# [Directions for this task]
When copying the records below, keep every word as it is and drop the images.

(Records from a data source)
++++++++++
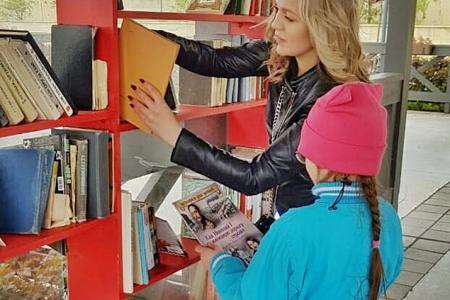 Казань. Депутаты-коммунисты Юрий Синельщиков  и Артём Прокофьев вручили подарки детям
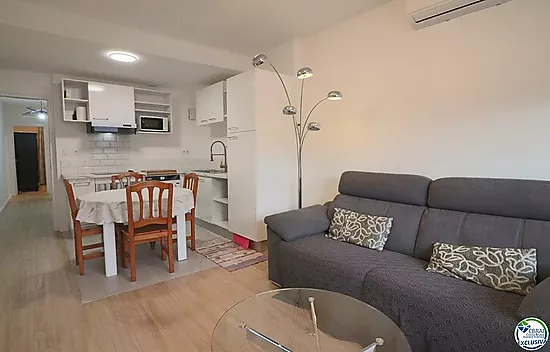 Spacious 1-bedroom flat in the centre of Roses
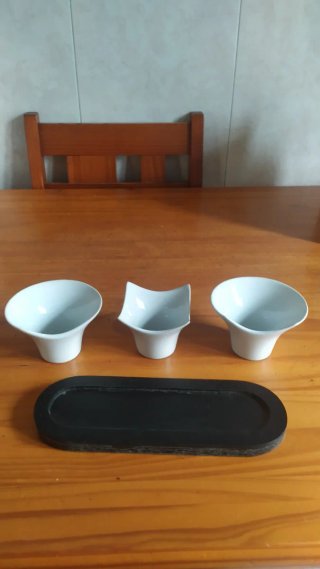 Set 3 cuencos aperitivos + bandeja
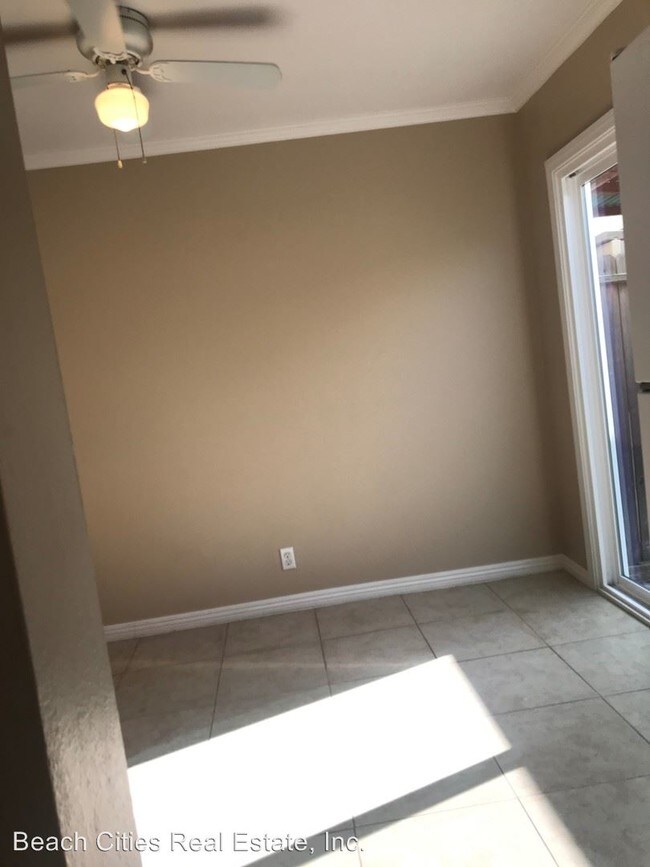 Building Photo - 3 br, 1.5 bath House - 9868 Continental Dr.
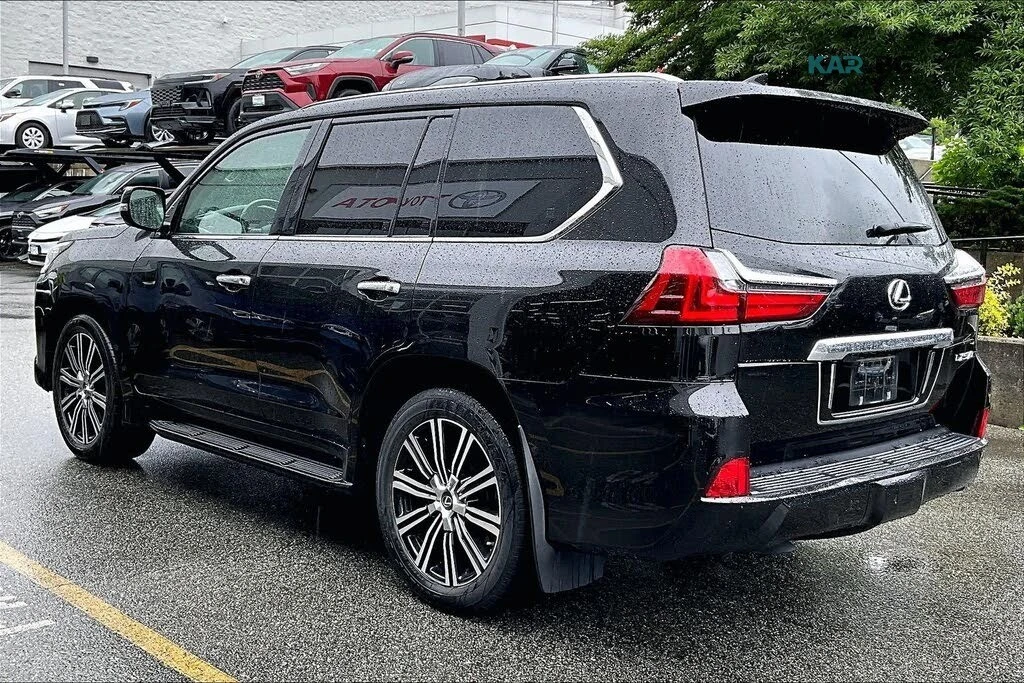 Lexus LX 570 * КОЖА* ПОДГРЕВ* ОБДУХВАНЕ* ПАНОРАМА* FULL* , снимка 6 - Автомобили и джипове - 54752869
++++++++++
# [Finished task]
 Казань. Депутаты-коммунисты Юрий Синельщиков  и Артём Прокофьев вручили подарки детям
 Spacious 1-bedroom flat in the centre of Roses
 Set 3 cuencos aperitivos + bandeja
 Building Photo - 3 br, 1.5 bath House - 9868 Continental Dr.
 Lexus LX 570 * КОЖА* ПОДГРЕВ* ОБДУХВАНЕ* ПАНОРАМА* FULL* , снимка 6 - Автомобили и джипове - 54752869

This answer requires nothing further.